For 9 years Long worked beside Annigoni and learned the art of True Fresco. After completing several frescos in Italy, including the Abbey de Montecassino, Long brought his fresco talent to America.
(Below is a Collection of studies done for the Fresco in the Abbey De Monte Cassino)
Since 1978 Long has completed over 30 frescos in the United States.
Buon Fresco (True Fresco)
Fresco is the medium Michelangelo chose when he painted the ceiling of the Sistine Chapel. The technique involves mixing sand and lime, placing the mix on the wall and paintings it while it is still wet. Fresco paintings is a tenuous art. So quickly does the bonding of the pigment to wet plaster take place that great skill and meticulous planning must be maintained in order to achieve the beautiful result.
The Fresco Process
Fresco; From the Italian word for "Fresh"- refers to the process of paintings on plaster and the resulting product. The fresco process is a long and tedious one involving the application of three layers.

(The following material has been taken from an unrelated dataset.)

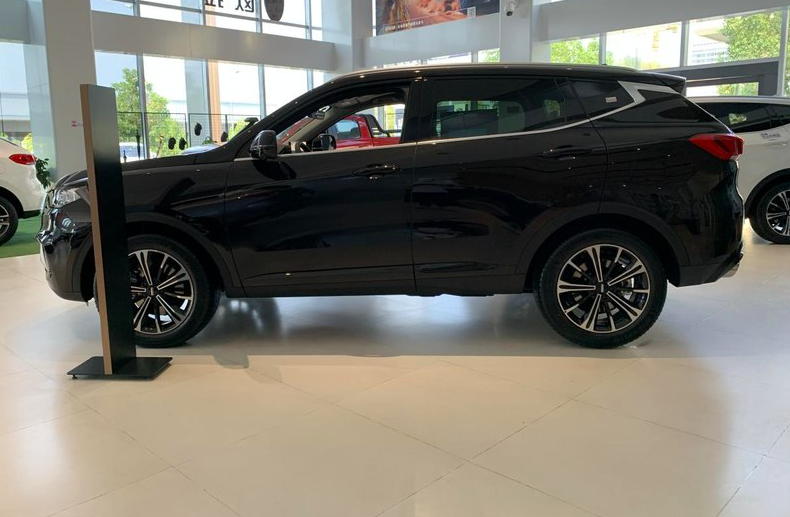 2021款长城weyvv6部分车型最高优惠6000元配360度全景影像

First, a base coat of plaster - lime mixed with sand and water - is applied to the wall.
One a second, finer coat of plaster -The Arricio- a red outline called the Senopia is transferred from the studio drawings.
The Final Layer is the Intonaco -one part line and one part sand - to which hand-ground pigments suspended in water are applied.
The artist must apply the pigments before the plaster dries, thus the fresco must be painted in sections called Giornata, Italian for "the work that can be done in a day".
Sometimes the lines between the sections, called "day marks", are visible. As the plaster dries, a chemical reaction takes place and crystals of calcium carbonate form, locking the molecules of the pigment in place. The lime in the plaster provides each fresco with a built-in source of illumination, lending a subtle glow to the work of art.
This technique found new life during the Italian Renaissance, when some of the most famous works were created, including Leonardo da Vinci's Last Supper in Milan and Michelangelo's ceiling in the Sistine Chapel.